After the close of the Pacific war, ATA-207 was active throughout the islands towing and performing rescue work. She carried sections of a dock to Eniwetok, Marshall Islands, in October, and served as a general harbor and towing tug at Nouméa, New Caledonia. Later, she performed as a cargo tug, carrying RAAF equipment to Brisbane, where she arrived on 29 April 1946. ATA-207 then steamed to Pearl Harbor, arriving on 13 June to assist SS John Miller from a reef at the entrance to the harbor. On her way back to California, the ship discovered disabled and brought her safely to San Pedro.
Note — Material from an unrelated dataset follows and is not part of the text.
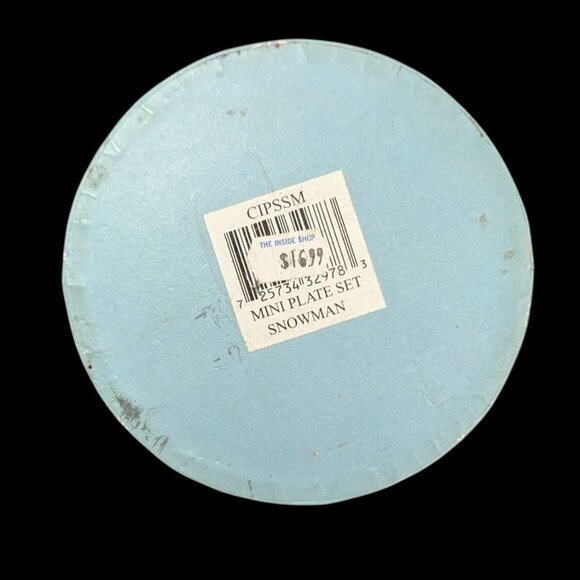 Mini "How To Build A Snowman" Plate Set Of 4 With Gift Box Adorable Winter Decor - Picture 3 of 7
ATA-207 soon departed for Charleston, SC, via the Panama Canal, and from there moved to her new base, New Orleans, arriving in September 1946. She spent nearly a year in numerous towing voyages in the Gulf region before decommissioning 19 September 1947 at Orange, Texas.
While assigned to the Atlantic Reserve Fleet, the tug was named Geronimo (ATA-207).

Geronimo was taken to Chelsea, Massachusetts, on 20 September 1962 to be fitted out as an oceanographic and marine biological research ship. On loan from the Navy, she served the Biological Laboratory, Bureau of Commercial Fisheries, Department of the Interior.

===ROCS Chiu Lien (AGS-563)===

The tug returned to Naval custody and was transferred to the Republic of China (Taiwan) in 1968 under the Security Assistance Program. She served in the Republic of China Navy as ROCS Chiu Lien (AGS-563) and was used for ocean research. She was retired in 1984, and her ultimate fate is unknown.